(Beginning of DATA RECORDS)
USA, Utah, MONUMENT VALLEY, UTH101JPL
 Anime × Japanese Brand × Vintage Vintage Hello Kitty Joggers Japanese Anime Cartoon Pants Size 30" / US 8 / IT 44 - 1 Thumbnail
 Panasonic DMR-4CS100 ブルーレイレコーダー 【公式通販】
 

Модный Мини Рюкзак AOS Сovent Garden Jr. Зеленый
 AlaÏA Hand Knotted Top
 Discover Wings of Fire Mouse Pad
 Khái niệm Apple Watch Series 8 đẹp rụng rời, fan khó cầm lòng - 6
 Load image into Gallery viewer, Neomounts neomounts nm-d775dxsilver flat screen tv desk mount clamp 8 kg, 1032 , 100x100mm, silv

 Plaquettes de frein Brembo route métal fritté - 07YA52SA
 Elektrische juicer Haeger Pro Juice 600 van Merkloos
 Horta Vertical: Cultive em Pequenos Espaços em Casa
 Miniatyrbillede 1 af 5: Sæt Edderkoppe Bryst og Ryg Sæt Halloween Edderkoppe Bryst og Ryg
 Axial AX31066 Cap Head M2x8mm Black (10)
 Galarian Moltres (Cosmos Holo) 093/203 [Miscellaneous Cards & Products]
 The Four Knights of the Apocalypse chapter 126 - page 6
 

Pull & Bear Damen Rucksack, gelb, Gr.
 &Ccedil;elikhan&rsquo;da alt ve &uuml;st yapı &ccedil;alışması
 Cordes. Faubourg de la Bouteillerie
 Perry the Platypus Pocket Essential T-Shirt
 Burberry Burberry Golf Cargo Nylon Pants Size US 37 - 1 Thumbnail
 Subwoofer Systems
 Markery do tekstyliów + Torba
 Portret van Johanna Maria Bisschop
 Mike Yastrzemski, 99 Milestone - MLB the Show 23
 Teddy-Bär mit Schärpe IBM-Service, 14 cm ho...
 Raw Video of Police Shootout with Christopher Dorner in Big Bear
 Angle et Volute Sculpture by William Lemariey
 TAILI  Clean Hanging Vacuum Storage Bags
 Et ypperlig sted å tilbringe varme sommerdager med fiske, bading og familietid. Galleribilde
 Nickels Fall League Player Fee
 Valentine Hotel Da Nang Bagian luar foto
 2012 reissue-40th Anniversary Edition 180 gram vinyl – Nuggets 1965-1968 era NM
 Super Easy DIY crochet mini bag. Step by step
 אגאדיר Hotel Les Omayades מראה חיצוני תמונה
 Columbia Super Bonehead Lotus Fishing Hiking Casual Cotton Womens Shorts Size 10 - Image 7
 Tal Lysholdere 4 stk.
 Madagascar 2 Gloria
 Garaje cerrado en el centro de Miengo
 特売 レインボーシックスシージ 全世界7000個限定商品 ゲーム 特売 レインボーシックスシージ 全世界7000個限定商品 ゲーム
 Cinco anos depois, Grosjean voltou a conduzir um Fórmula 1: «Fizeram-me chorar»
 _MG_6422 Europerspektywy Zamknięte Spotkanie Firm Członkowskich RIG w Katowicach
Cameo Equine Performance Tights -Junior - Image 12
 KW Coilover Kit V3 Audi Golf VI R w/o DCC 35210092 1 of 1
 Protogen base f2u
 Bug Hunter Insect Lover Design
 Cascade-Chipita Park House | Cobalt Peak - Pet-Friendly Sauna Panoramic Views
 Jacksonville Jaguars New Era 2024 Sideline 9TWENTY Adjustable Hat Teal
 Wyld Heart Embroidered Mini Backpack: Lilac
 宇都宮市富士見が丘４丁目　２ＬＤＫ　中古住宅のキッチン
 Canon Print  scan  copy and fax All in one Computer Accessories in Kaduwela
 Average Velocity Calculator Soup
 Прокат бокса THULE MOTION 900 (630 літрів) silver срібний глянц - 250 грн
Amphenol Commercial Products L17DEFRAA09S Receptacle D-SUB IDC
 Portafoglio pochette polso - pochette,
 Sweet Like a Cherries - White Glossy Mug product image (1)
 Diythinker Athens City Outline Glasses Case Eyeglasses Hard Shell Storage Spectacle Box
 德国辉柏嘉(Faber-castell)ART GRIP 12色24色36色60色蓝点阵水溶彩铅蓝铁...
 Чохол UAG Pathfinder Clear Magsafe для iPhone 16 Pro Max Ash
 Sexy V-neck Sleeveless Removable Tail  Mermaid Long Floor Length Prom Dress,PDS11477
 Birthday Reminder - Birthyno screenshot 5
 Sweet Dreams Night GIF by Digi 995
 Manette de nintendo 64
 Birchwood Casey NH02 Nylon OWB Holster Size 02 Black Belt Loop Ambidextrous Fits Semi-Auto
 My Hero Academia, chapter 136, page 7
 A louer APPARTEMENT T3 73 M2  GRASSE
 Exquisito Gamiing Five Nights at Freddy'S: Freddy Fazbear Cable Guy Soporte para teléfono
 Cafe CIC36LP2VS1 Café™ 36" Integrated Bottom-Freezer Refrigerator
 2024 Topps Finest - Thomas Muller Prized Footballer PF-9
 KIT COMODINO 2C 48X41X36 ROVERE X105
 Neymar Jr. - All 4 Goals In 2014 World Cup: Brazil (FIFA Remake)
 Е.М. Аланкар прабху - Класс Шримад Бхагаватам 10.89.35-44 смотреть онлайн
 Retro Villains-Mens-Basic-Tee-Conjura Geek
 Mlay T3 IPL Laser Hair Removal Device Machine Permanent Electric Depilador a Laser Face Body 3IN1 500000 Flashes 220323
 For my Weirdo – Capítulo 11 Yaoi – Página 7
(End of DATA RECORDS)
* [WHAT YOU ARE ASKED TO DO]
With every line intact, print the records above again.

* [ANSWER SECTION]
USA, Utah, MONUMENT VALLEY, UTH101JPL
 Anime × Japanese Brand × Vintage Vintage Hello Kitty Joggers Japanese Anime Cartoon Pants Size 30" / US 8 / IT 44 - 1 Thumbnail
 Panasonic DMR-4CS100 ブルーレイレコーダー 【公式通販】
 

Модный Мини Рюкзак AOS Сovent Garden Jr. Зеленый
 AlaÏA Hand Knotted Top
 Discover Wings of Fire Mouse Pad
 Khái niệm Apple Watch Series 8 đẹp rụng rời, fan khó cầm lòng - 6
 Load image into Gallery viewer, Neomounts neomounts nm-d775dxsilver flat screen tv desk mount clamp 8 kg, 1032 , 100x100mm, silv

 Plaquettes de frein Brembo route métal fritté - 07YA52SA
 Elektrische juicer Haeger Pro Juice 600 van Merkloos
 Horta Vertical: Cultive em Pequenos Espaços em Casa
 Miniatyrbillede 1 af 5: Sæt Edderkoppe Bryst og Ryg Sæt Halloween Edderkoppe Bryst og Ryg
 Axial AX31066 Cap Head M2x8mm Black (10)
 Galarian Moltres (Cosmos Holo) 093/203 [Miscellaneous Cards & Products]
 The Four Knights of the Apocalypse chapter 126 - page 6
 

Pull & Bear Damen Rucksack, gelb, Gr.
 &Ccedil;elikhan&rsquo;da alt ve &uuml;st yapı &ccedil;alışması
 Cordes. Faubourg de la Bouteillerie
 Perry the Platypus Pocket Essential T-Shirt
 Burberry Burberry Golf Cargo Nylon Pants Size US 37 - 1 Thumbnail
 Subwoofer Systems
 Markery do tekstyliów + Torba
 Portret van Johanna Maria Bisschop
 Mike Yastrzemski, 99 Milestone - MLB the Show 23
 Teddy-Bär mit Schärpe IBM-Service, 14 cm ho...
 Raw Video of Police Shootout with Christopher Dorner in Big Bear
 Angle et Volute Sculpture by William Lemariey
 TAILI  Clean Hanging Vacuum Storage Bags
 Et ypperlig sted å tilbringe varme sommerdager med fiske, bading og familietid. Galleribilde
 Nickels Fall League Player Fee
 Valentine Hotel Da Nang Bagian luar foto
 2012 reissue-40th Anniversary Edition 180 gram vinyl – Nuggets 1965-1968 era NM
 Super Easy DIY crochet mini bag. Step by step
 אגאדיר Hotel Les Omayades מראה חיצוני תמונה
 Columbia Super Bonehead Lotus Fishing Hiking Casual Cotton Womens Shorts Size 10 - Image 7
 Tal Lysholdere 4 stk.
 Madagascar 2 Gloria
 Garaje cerrado en el centro de Miengo
 特売 レインボーシックスシージ 全世界7000個限定商品 ゲーム 特売 レインボーシックスシージ 全世界7000個限定商品 ゲーム
 Cinco anos depois, Grosjean voltou a conduzir um Fórmula 1: «Fizeram-me chorar»
 _MG_6422 Europerspektywy Zamknięte Spotkanie Firm Członkowskich RIG w Katowicach
Cameo Equine Performance Tights -Junior - Image 12
 KW Coilover Kit V3 Audi Golf VI R w/o DCC 35210092 1 of 1
 Protogen base f2u
 Bug Hunter Insect Lover Design
 Cascade-Chipita Park House | Cobalt Peak - Pet-Friendly Sauna Panoramic Views
 Jacksonville Jaguars New Era 2024 Sideline 9TWENTY Adjustable Hat Teal
 Wyld Heart Embroidered Mini Backpack: Lilac
 宇都宮市富士見が丘４丁目　２ＬＤＫ　中古住宅のキッチン
 Canon Print  scan  copy and fax All in one Computer Accessories in Kaduwela
 Average Velocity Calculator Soup
 Прокат бокса THULE MOTION 900 (630 літрів) silver срібний глянц - 250 грн
Amphenol Commercial Products L17DEFRAA09S Receptacle D-SUB IDC
 Portafoglio pochette polso - pochette,
 Sweet Like a Cherries - White Glossy Mug product image (1)
 Diythinker Athens City Outline Glasses Case Eyeglasses Hard Shell Storage Spectacle Box
 德国辉柏嘉(Faber-castell)ART GRIP 12色24色36色60色蓝点阵水溶彩铅蓝铁...
 Чохол UAG Pathfinder Clear Magsafe для iPhone 16 Pro Max Ash
 Sexy V-neck Sleeveless Removable Tail  Mermaid Long Floor Length Prom Dress,PDS11477
 Birthday Reminder - Birthyno screenshot 5
 Sweet Dreams Night GIF by Digi 995
 Manette de nintendo 64
 Birchwood Casey NH02 Nylon OWB Holster Size 02 Black Belt Loop Ambidextrous Fits Semi-Auto
 My Hero Academia, chapter 136, page 7
 A louer APPARTEMENT T3 73 M2  GRASSE
 Exquisito Gamiing Five Nights at Freddy'S: Freddy Fazbear Cable Guy Soporte para teléfono
 Cafe CIC36LP2VS1 Café™ 36" Integrated Bottom-Freezer Refrigerator
 2024 Topps Finest - Thomas Muller Prized Footballer PF-9
 KIT COMODINO 2C 48X41X36 ROVERE X105
 Neymar Jr. - All 4 Goals In 2014 World Cup: Brazil (FIFA Remake)
 Е.М. Аланкар прабху - Класс Шримад Бхагаватам 10.89.35-44 смотреть онлайн
 Retro Villains-Mens-Basic-Tee-Conjura Geek
 Mlay T3 IPL Laser Hair Removal Device Machine Permanent Electric Depilador a Laser Face Body 3IN1 500000 Flashes 220323
 For my Weirdo – Capítulo 11 Yaoi – Página 7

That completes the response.